I think it was our 5th. I got her a card and a ring to replace the engagement ring I had bought as a very poor student. She forgot a card or anything and looked mortified. I told her "I'll always take a hug and a kiss over a card any day". Everybody happy.


----------



## sixty-eight (Oct 2, 2015)

not everyone is going to appreciate the same kind of celebration for a holiday/important day.

I am much happier staying at home with a homecooked meal and cooking together/spending it together, as a family. I'm a quality time person. i don't care what we do, i want to have fun and be happy.
my ex was a gifts person, and I am admittedly terrible at gifts. I need some not so subtle hints. like a wish list. or flat out telling me what would be a good gift.

Maybe for next year, you could sit her down soon and explain that this year wasn't exactly what you wanted. Have her tell you what her ideal anniversary day would look like. then you tell her what your ideal day is. Then you mix and match, and everyone is on the same page for the 2nd anniversary.
Not knowing and not caring are not the same.


----------



## MattMatt (May 19, 2012)

There is a difference between forgetting something and, as we say in the British Isles, just not being ars*d to do something about it.

Did your wife forget it or just not bother?

The latter, if so, could be a harbinger of more to come.

Why was she divorced?
_Posted via Mobile Device_


----------



## Cooper (Apr 18, 2008)

I think your wife was looking long term, she decided to set the bar way low on the first anniversary so in the following years you expect nothing from her. She's showing you who she is, live with or not.


----------



## Mr. Nail (Apr 26, 2011)

I'm at the other end of that deal. My wife is the one that is big on special dates. I joked that I forgot her birthday three years in a row to create low expectations. Eventually I learned her love language and learned to remember special days. So much that I felt quite stung when she forgot our 29th. Open discussion of emotional needs is the key to a quicker resolution.


----------



## syhoybenden (Feb 21, 2013)

Your FIRST anniversary and she forgets it??

WTF!

Sounds to me like she is not really in love. Are you wealthy or bring home a good paycheck?

I mean, she's a woman. They're the ones who place a lot of emphasis on this stuff.

If I were you I'd be feeling really really hurt.


----------



## tropicalbeachiwish (Jun 1, 2016)

Well, it's the first anniversary so you have gotten a taste for how she may treat each anniversary going forward. Usually couples celebrate anniversaries at first then gradually start to neglect them. Your wife is neglecting right off the bat. Do you think that she's a selfish person? 

You just need to be honest with her about this. Tell her that it's important to you and her making an attempt to celebrate would mean so much to you. Unless she's an as**ole, I bet she'd do better after this. 
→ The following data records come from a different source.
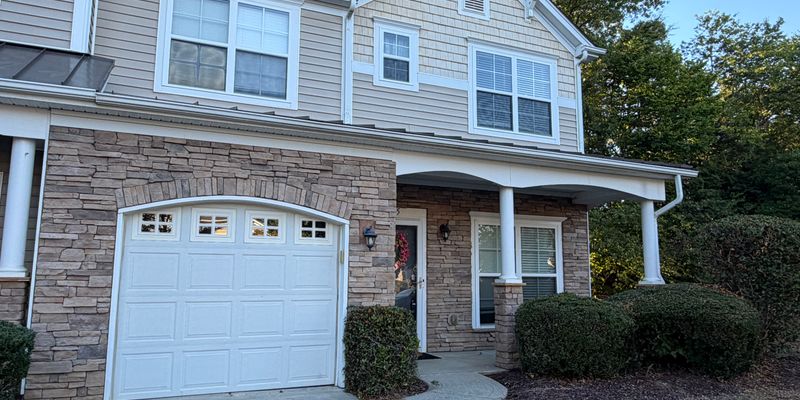 Charlotte House: 5615 Tipperlinn Way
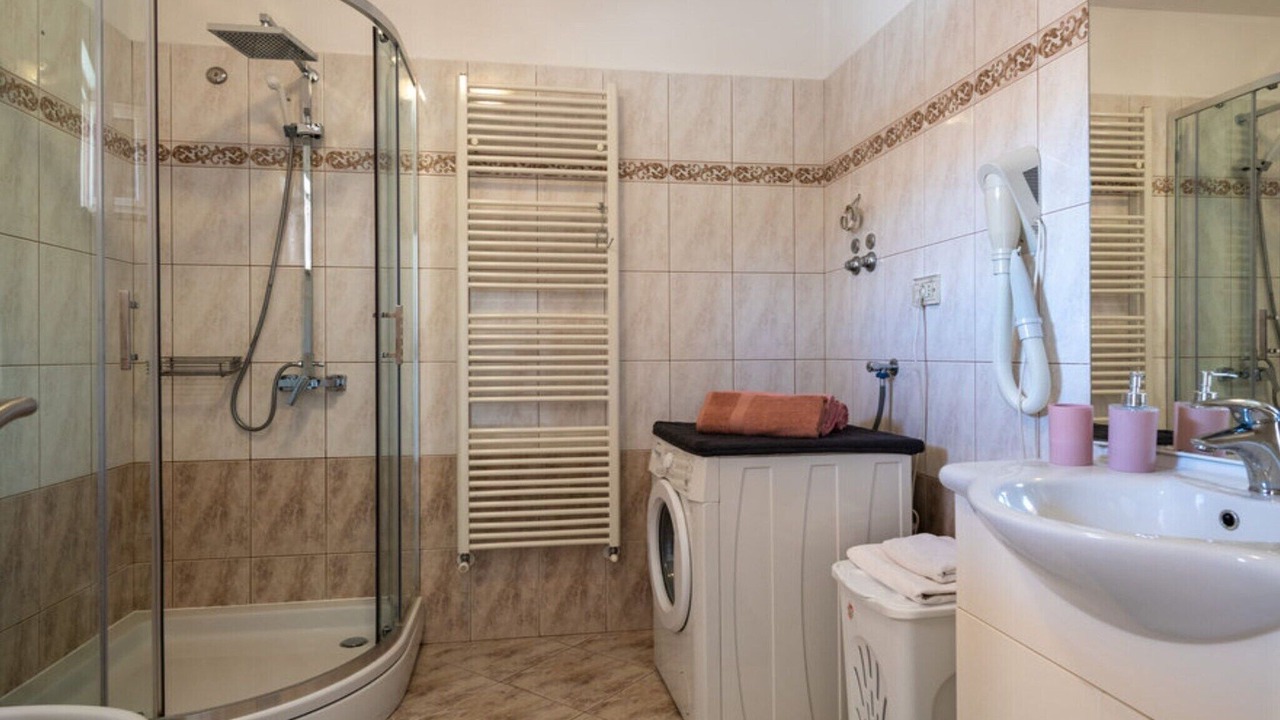 Photo of Bathroom in Rogocana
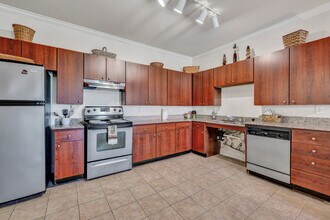 Oak Tree Manor in Houston, TX - Foto de edificio - Interior Photo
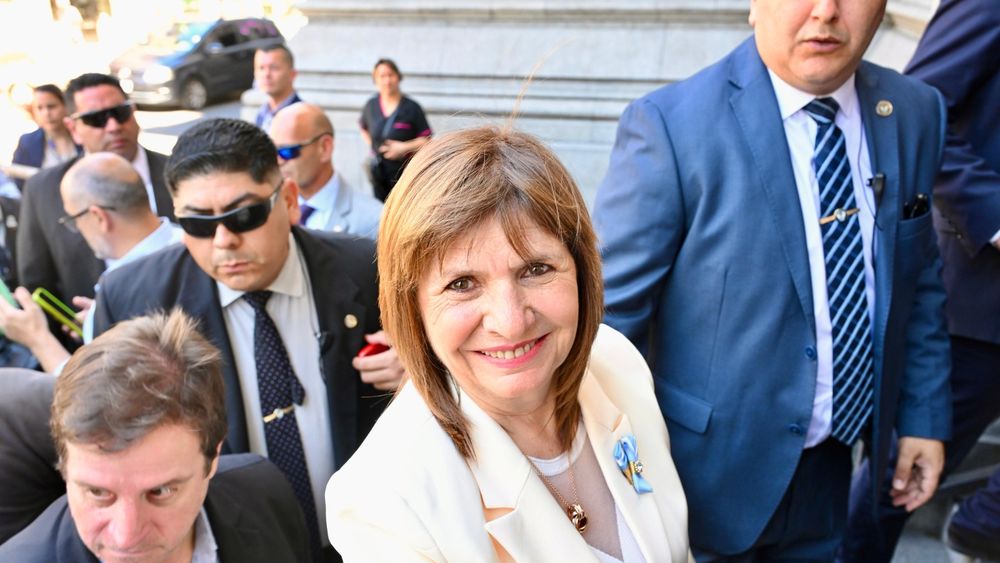 Patricia Bullrich denunció a Claudio Chiqui Tapia y Pablo Toviggino.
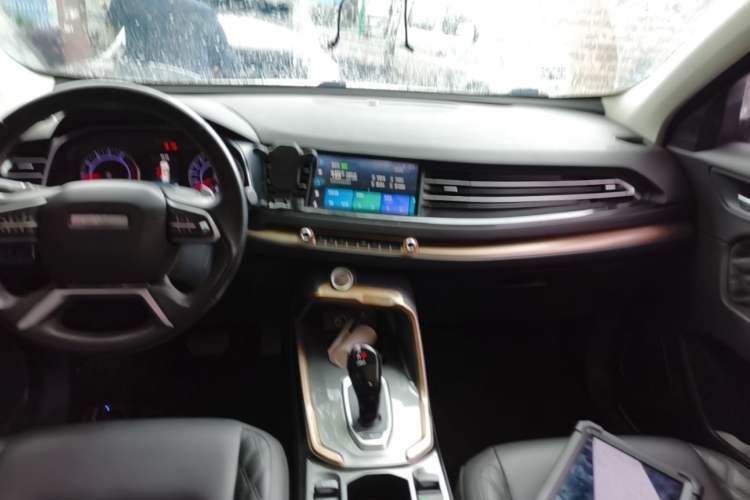 Used Haval H6 2020 1.5 GDIT Automatic Platinum Champion Edition Audio And AC Panel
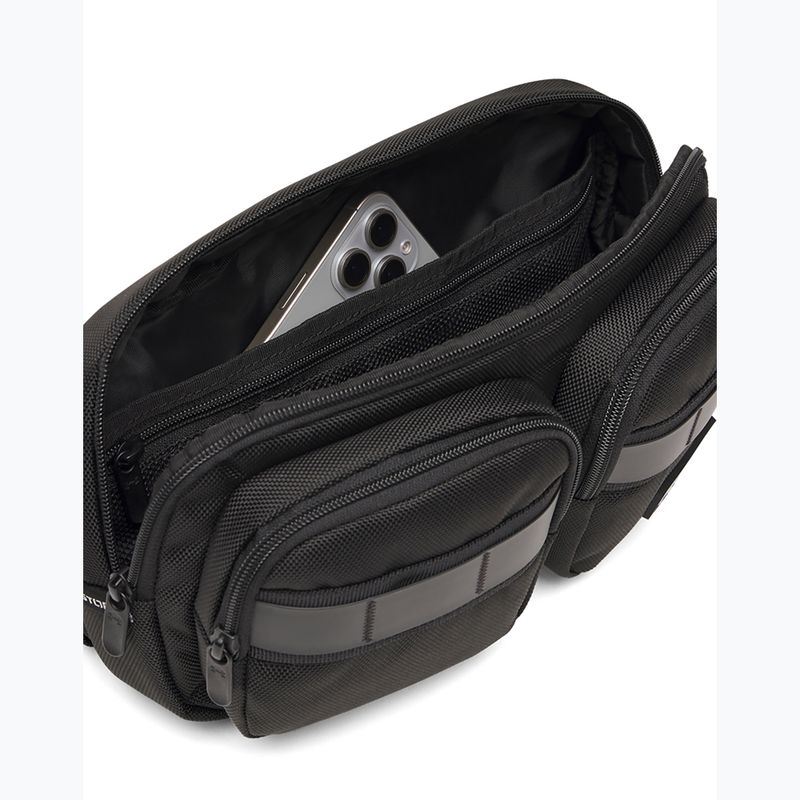 Ľadvinka Under Armour Triumph Crossbody black/halo gray 3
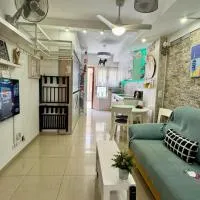 BADAROSA House10min to BARCELONA City&NearTo BEACH, hotell sihtkohas Badalona
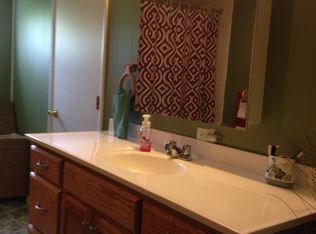 3924 State Route 550, Hueysville, KY 41640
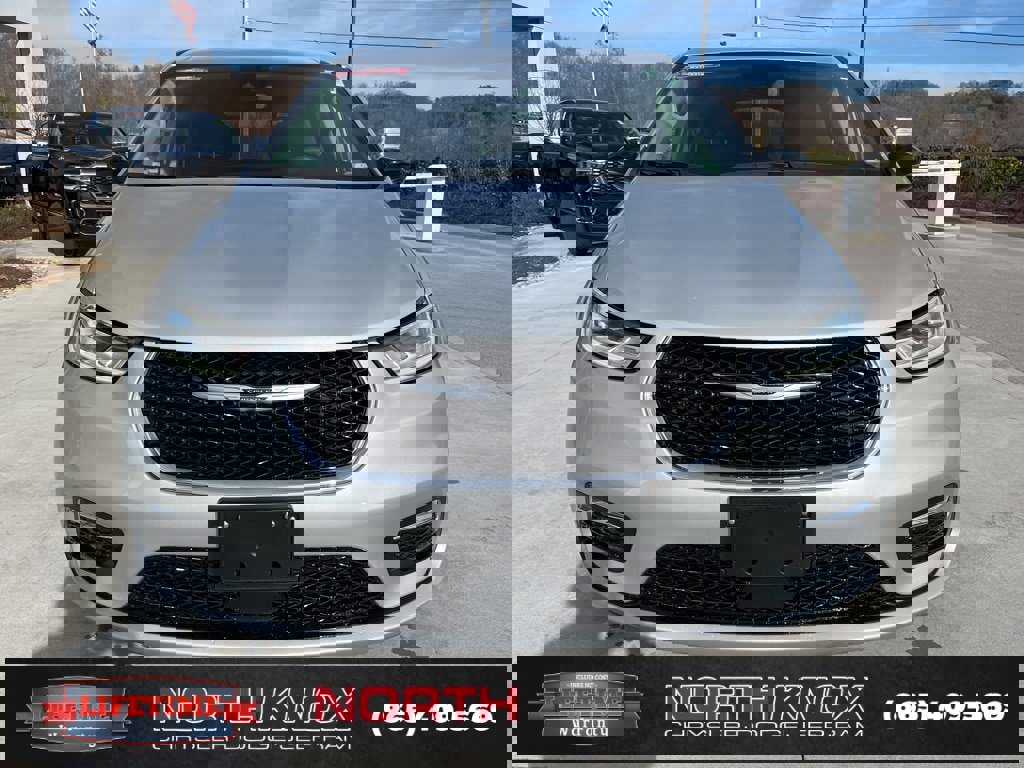 Used 2024 Chrysler Pacifica Touring-L image 30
If you think she's forgetful, then put a calendar on your frig. Make sure you circle, highlight, and write a note on the special days.


----------



## MJJEAN (Jun 26, 2015)

MattMatt said:


> There is a difference between forgetting something and, as we say in the British Isles, just not being ars*d to do something about it.
> 
> Did your wife forget it or just not bother?
> 
> ...


I love and adore my husband. 17 years coming up soon and I still get excited when he walks in a room or smiles at me. For the first 3 years of our marriage, I had to sneak down to the file box and check my Marriage Certificate to find out which day in December we married. I have the memory of a gnat with ADHD and I was so busy arranging the marriage, taking care of 3 young kids, and house hunting that I was lucky to remember my own name.

If she forgot, she might be too embarrassed to admit it, but that doesn't mean she doesn't care. It's also possible she has negative associations with celebrating anniversaries due to her first marriage or that she has some superstition about anniversaries.

I, too, would be interested to know why she divorced and what you know of her first marriage, @HarleyNJ.


----------



## norajane (Feb 7, 2012)

My advice for anniversaries and other occasions that you want to celebrate: don't try to make everything a surprise, and do talk about what you want to do together and what you expect ahead of time.

Having expectations that the other person doesn't share or maybe doesn't know about or understand is usually the problem. If this is your first anniversary, she might not have known that you wanted some kind of fuss about it, especially if you never mentioned anything about it beforehand. Not everyone immediately thinks of gifts and cards for anniversaries, and may not realize you expect it and will ascribe all kinds of meaning to it.

Also, you might want to read up on the Five Love Languages, maybe read them together. Your wife might not be a person who expresses love through gifts, and she might not realize that is one of your love languages that you need in order to feel loved by her. Maybe she expresses her love for you in other ways. It's better to understand how she thinks than to assume she thinks the same way you do (or to believe that her way is wrong and yours is right!).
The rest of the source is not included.